YOUR INSTRUCTIONS » The entries are to be repeated in full, without any change.

(EXERCISE INPUTS)

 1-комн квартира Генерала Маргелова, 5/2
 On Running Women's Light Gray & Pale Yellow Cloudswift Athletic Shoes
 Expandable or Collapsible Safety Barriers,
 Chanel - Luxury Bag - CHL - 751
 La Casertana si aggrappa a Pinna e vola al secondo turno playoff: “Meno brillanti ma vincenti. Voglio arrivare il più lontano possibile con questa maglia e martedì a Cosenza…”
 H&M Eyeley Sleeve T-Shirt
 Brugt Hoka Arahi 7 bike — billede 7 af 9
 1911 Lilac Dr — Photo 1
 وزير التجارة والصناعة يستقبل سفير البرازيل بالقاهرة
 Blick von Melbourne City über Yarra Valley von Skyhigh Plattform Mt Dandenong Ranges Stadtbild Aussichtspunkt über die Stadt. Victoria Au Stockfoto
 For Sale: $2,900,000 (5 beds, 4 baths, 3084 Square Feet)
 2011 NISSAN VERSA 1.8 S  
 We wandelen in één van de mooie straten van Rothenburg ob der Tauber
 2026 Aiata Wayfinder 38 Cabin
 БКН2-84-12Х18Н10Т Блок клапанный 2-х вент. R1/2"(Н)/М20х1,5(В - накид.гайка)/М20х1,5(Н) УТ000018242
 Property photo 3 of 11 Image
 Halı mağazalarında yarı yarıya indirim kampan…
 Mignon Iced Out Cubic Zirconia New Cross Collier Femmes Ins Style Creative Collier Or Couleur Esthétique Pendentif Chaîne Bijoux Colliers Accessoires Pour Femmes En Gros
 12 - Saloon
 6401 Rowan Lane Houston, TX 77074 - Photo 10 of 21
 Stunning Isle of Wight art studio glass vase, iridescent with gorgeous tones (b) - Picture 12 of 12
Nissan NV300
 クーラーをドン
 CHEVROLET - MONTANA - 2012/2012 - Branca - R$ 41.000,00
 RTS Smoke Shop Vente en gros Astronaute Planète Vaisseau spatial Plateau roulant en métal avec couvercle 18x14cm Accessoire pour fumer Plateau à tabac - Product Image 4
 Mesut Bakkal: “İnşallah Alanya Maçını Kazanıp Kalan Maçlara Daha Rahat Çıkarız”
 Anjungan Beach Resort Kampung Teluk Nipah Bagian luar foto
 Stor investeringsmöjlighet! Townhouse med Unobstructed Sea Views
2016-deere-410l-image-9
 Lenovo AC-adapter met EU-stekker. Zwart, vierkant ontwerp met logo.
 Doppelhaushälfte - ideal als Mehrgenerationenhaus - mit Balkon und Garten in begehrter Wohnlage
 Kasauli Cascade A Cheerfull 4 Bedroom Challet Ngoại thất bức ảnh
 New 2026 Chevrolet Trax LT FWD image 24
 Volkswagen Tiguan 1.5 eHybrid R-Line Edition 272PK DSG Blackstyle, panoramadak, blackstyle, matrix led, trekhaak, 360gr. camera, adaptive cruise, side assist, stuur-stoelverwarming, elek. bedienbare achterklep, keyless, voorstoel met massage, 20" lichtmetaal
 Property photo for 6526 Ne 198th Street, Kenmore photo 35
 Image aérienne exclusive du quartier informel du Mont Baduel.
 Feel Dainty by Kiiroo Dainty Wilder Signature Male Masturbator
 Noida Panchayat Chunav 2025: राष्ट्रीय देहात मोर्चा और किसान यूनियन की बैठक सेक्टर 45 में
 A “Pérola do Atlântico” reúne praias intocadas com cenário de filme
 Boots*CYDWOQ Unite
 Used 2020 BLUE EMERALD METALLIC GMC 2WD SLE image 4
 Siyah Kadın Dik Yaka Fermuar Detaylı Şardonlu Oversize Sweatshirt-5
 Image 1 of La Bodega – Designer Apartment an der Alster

(End EXERCISE INPUTS)

ANSWER FOR THIS EXERCISE »
 1-комн квартира Генерала Маргелова, 5/2
 On Running Women's Light Gray & Pale Yellow Cloudswift Athletic Shoes
 Expandable or Collapsible Safety Barriers,
 Chanel - Luxury Bag - CHL - 751
 La Casertana si aggrappa a Pinna e vola al secondo turno playoff: “Meno brillanti ma vincenti. Voglio arrivare il più lontano possibile con questa maglia e martedì a Cosenza…”
 H&M Eyeley Sleeve T-Shirt
 Brugt Hoka Arahi 7 bike — billede 7 af 9
 1911 Lilac Dr — Photo 1
 وزير التجارة والصناعة يستقبل سفير البرازيل بالقاهرة
 Blick von Melbourne City über Yarra Valley von Skyhigh Plattform Mt Dandenong Ranges Stadtbild Aussichtspunkt über die Stadt. Victoria Au Stockfoto
 For Sale: $2,900,000 (5 beds, 4 baths, 3084 Square Feet)
 2011 NISSAN VERSA 1.8 S  
 We wandelen in één van de mooie straten van Rothenburg ob der Tauber
 2026 Aiata Wayfinder 38 Cabin
 БКН2-84-12Х18Н10Т Блок клапанный 2-х вент. R1/2"(Н)/М20х1,5(В - накид.гайка)/М20х1,5(Н) УТ000018242
 Property photo 3 of 11 Image
 Halı mağazalarında yarı yarıya indirim kampan…
 Mignon Iced Out Cubic Zirconia New Cross Collier Femmes Ins Style Creative Collier Or Couleur Esthétique Pendentif Chaîne Bijoux Colliers Accessoires Pour Femmes En Gros
 12 - Saloon
 6401 Rowan Lane Houston, TX 77074 - Photo 10 of 21
 Stunning Isle of Wight art studio glass vase, iridescent with gorgeous tones (b) - Picture 12 of 12
Nissan NV300
 クーラーをドン
 CHEVROLET - MONTANA - 2012/2012 - Branca - R$ 41.000,00
 RTS Smoke Shop Vente en gros Astronaute Planète Vaisseau spatial Plateau roulant en métal avec couvercle 18x14cm Accessoire pour fumer Plateau à tabac - Product Image 4
 Mesut Bakkal: “İnşallah Alanya Maçını Kazanıp Kalan Maçlara Daha Rahat Çıkarız”
 Anjungan Beach Resort Kampung Teluk Nipah Bagian luar foto
 Stor investeringsmöjlighet! Townhouse med Unobstructed Sea Views
2016-deere-410l-image-9
 Lenovo AC-adapter met EU-stekker. Zwart, vierkant ontwerp met logo.
 Doppelhaushälfte - ideal als Mehrgenerationenhaus - mit Balkon und Garten in begehrter Wohnlage
 Kasauli Cascade A Cheerfull 4 Bedroom Challet Ngoại thất bức ảnh
 New 2026 Chevrolet Trax LT FWD image 24
 Volkswagen Tiguan 1.5 eHybrid R-Line Edition 272PK DSG Blackstyle, panoramadak, blackstyle, matrix led, trekhaak, 360gr. camera, adaptive cruise, side assist, stuur-stoelverwarming, elek. bedienbare achterklep, keyless, voorstoel met massage, 20" lichtmetaal
 Property photo for 6526 Ne 198th Street, Kenmore photo 35
 Image aérienne exclusive du quartier informel du Mont Baduel.
 Feel Dainty by Kiiroo Dainty Wilder Signature Male Masturbator
 Noida Panchayat Chunav 2025: राष्ट्रीय देहात मोर्चा और किसान यूनियन की बैठक सेक्टर 45 में
 A “Pérola do Atlântico” reúne praias intocadas com cenário de filme
 Boots*CYDWOQ Unite
 Used 2020 BLUE EMERALD METALLIC GMC 2WD SLE image 4
 Siyah Kadın Dik Yaka Fermuar Detaylı Şardonlu Oversize Sweatshirt-5
 Image 1 of La Bodega – Designer Apartment an der Alster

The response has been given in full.